Similarly, in Russo v Canada (Minister of Transport, Infrastructure and
Communities), 2011 FC 764, 406 FTR 49, my colleague,
Justice Russell, found that minimal procedural fairness required that the applicant
be given the opportunity to be heard (at para 59), which entailed notice and
the right to make submissions.
[60]
Thus,
even in cases where only minimal procedural fairness rights are required, the
right to notice and the opportunity to be heard still exist. The Alliance, therefore, was entitled to notice of the Employer’s application and to a
meaningful opportunity to respond to it.
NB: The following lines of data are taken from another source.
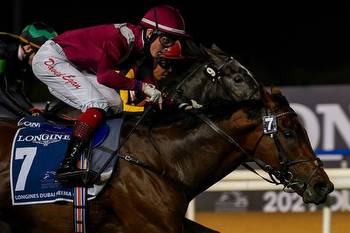 Frankie For Mishriff Breeders' Cup Swansong
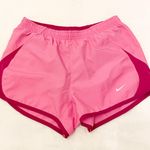 Nike Pink Athletic Shorts Photo 0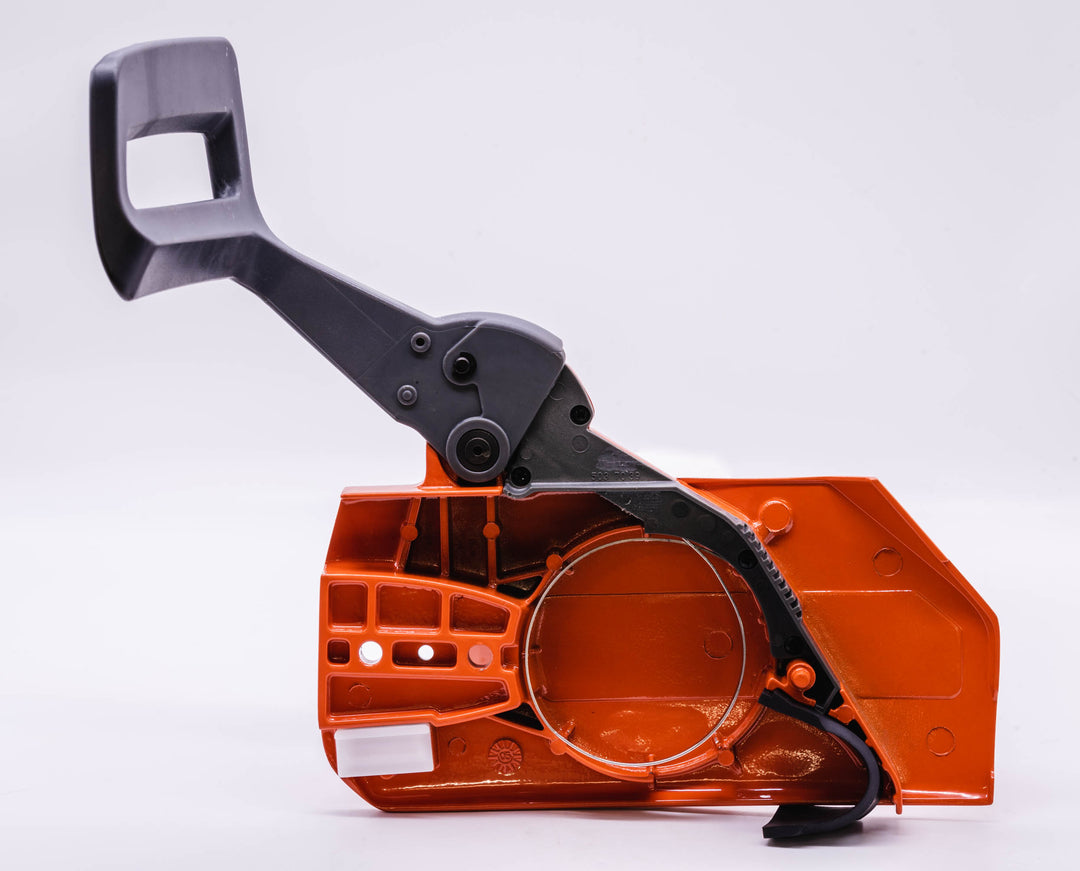 THE DUKE'S CHAIN BRAKE CLUTCH COVER FITS HUSQVARNA 281 AND 288XP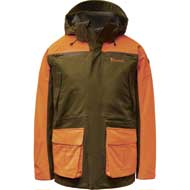PINEWOOD Furudal Expert 2L Hunting Jacke Herren Olive Green/Orange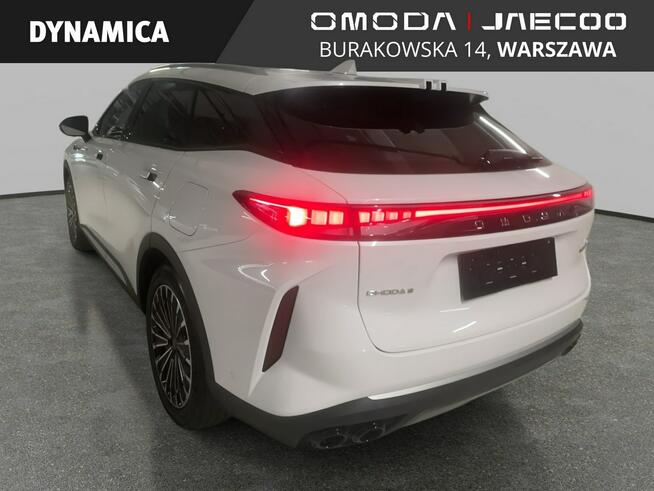 Omoda 9 - 537KM - Super Hybrid - Exclusive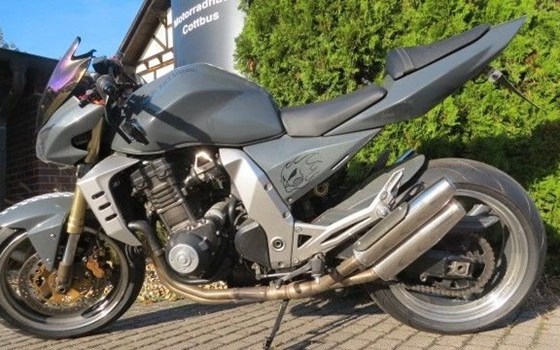 Gebrauchtmotorrad Kawasaki Z1000 - Bild 9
In the circumstances of this case,
this would include: the right to be informed of the reasons the Employer
invoked in support of its request for a ministerial-ordered vote; the
opportunity to make submissions in writing on the issue; and the right to have
them considered by the Minister in making the decision as to whether a vote of
the BSOs under section 183 of the PSLRA is in the public interest.
[61]
The
Alliance was not given such notice as the Employer only told the Alliance representatives that it was considering making a request to the Minister
for a directed vote under section 183 of the PSLRA, and the Minister provided
the Alliance no notice of the application’s having been made. Nor was the Alliance afforded any opportunity to make submissions. The suggestion of the respondent
that it was incumbent on the Alliance to have followed up with the Minister
when its May 7th letter was not responded to – and that in failing
to do so it somehow waived its right to procedural fairness – is without merit
as this assumes that the Alliance received adequate notice and failed to take
advantage of an opportunity to make submissions. However, this is not what occurred.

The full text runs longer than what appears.